Il movimento #Occupy ha messo in atto forme di occupazione molteplice degli spazi e di ridefinizione delle temporalità, così come il Movimiento 15-M spagnolo e gli “Indignados” greci, esperienza cui si ispira la Kypriotaki per l’elaborazione della sua idea relativa all’inazione come forma di protesta. Secondo l’attivista greca si tratterebbe di trasformare un elemento di debolezza, come la depressione (già da tempo endemica in Grecia a causa della crisi economica), che inevitabilmente conduce all’inazione, alla rassegnazione, nei casi estremi al suicidio, in un punto di forza per il singolo e per la collettività; scoprire una nuova zona temporale dell’essere, che permetta ad ognuno di recuperare il proprio tempo (sottraendolo, quindi, al dominio del sistema capitalistico) e che permetta di sintonizzarsi nuovamente sulla propria soggettività, immergersi nel proprio essere organico, e ritrovare un senso di comunità, ri-costruire la collettività sulla base della condivisione delle proprie debolezze.
  
Ogni sintesi può essere in qualche modo riduttiva di un testo abbastanza denso di spunti come quello di Alexandra-Odette Kypriotaki, per cui ho tentato di tradurlo in italiano (facendo un confronto fra la versione inglese e quella spagnola) [si può leggere qui], per renderlo più accessibile anche a chi non ha dimestichezza con la lettura in altre lingue, e poter avere in questo modo un’idea più precisa in merito a questa proposta, a mio avviso intelligente, che certo non va presa come la risposta definitiva agli interrogativi riguardo la metodologia da adottare nelle lotte e nelle manifestazioni di protesta (dal momento che la forma della rivolta va necessariamente commisurata alle necessità specifiche e alla circostanza particolare), ma è sicuramente uno spunto affascinante per cominciare a ripensare le modalità di costruzione del dissenso entro coordinate temporali e non solo spaziali.

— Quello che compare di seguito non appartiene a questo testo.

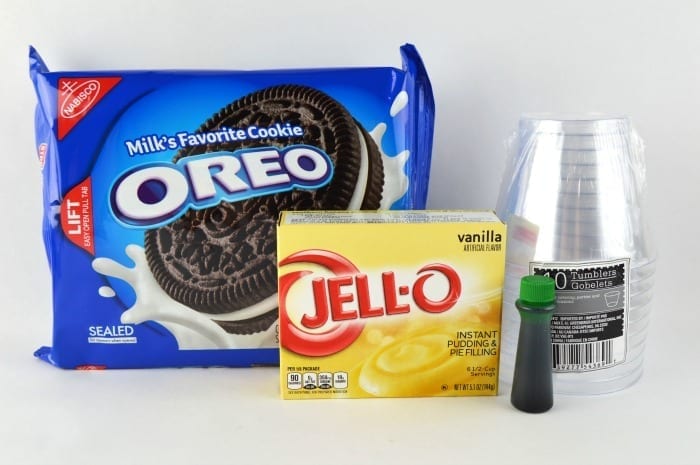 hulk pudding cups supplies needed: oreos, vanilla pudding, green food coloring, and clear plastic cups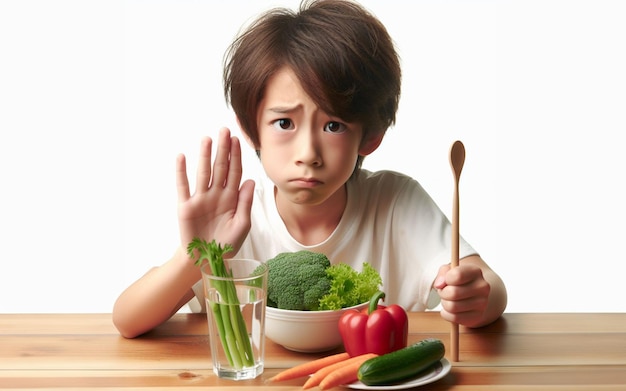 Le garçon a refusé de manger des légumes. L'enfant aime manger des végétaux. Arrière-plan blanc.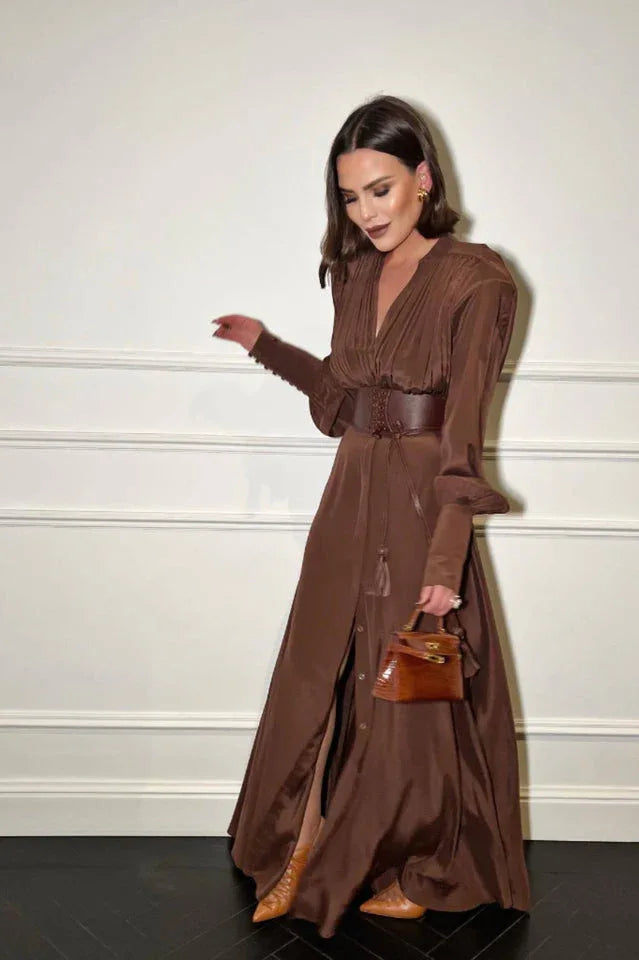 Rosey Tan Maxi Dress - View 14 | TEVQA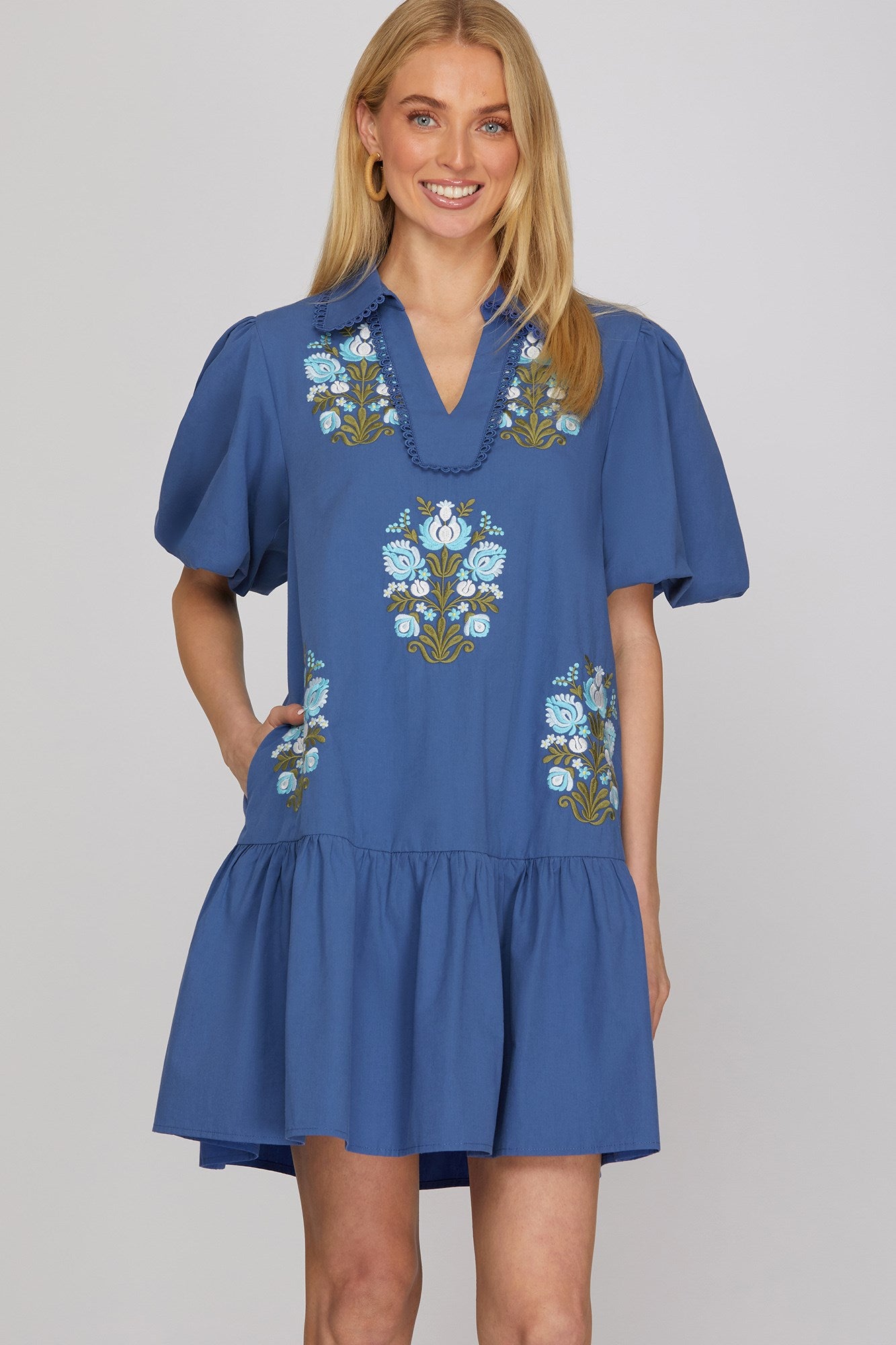 BLUE HALF SLEEVE V NECK COLLAR EMBROIDERED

E per sottolineare, in chiusura, quanto sia importante per il potere mantenere il controllo sul tempo e sulle temporalità, vorrei attirare l'attenzione su questa recente notizia apparentemente banale: mentre saluta e stringe le mani dei suoi sostenitori, Nicolas Sarkozy si rende conto che sta per perdere l’orologio da polso e prontamente lo infila nella tasca della giacca. Quello del presidente francese potrebbe essere soltanto un gesto istintivo per in mettere in sicurezza un oggetto che certamente ha un notevole valore affettivo ed economico. Eppure in quel rapido riporre l'orologio in tasca si può anche intravedere la preoccupazione e il timore, quindi la pronta reazione, di un uomo di potere al pensiero di perdere l'oggetto simbolo del suo controllo sul tempo, oltretutto con il rischio che questo possa essere smarrito tra la folla: il tempo del potere non può mica finire in mano al popolo!
Ma forse non è necessario entrare in possesso dell'orologio del presidente per liberarsi dai vincoli temporali imposti dal potere. Inventare una nuova temporalità, una nuova zona temporale del proprio essere, alternativa ai ritmi del potere, del sistema capitalistico, può essere già un primo passo verso la liberazione.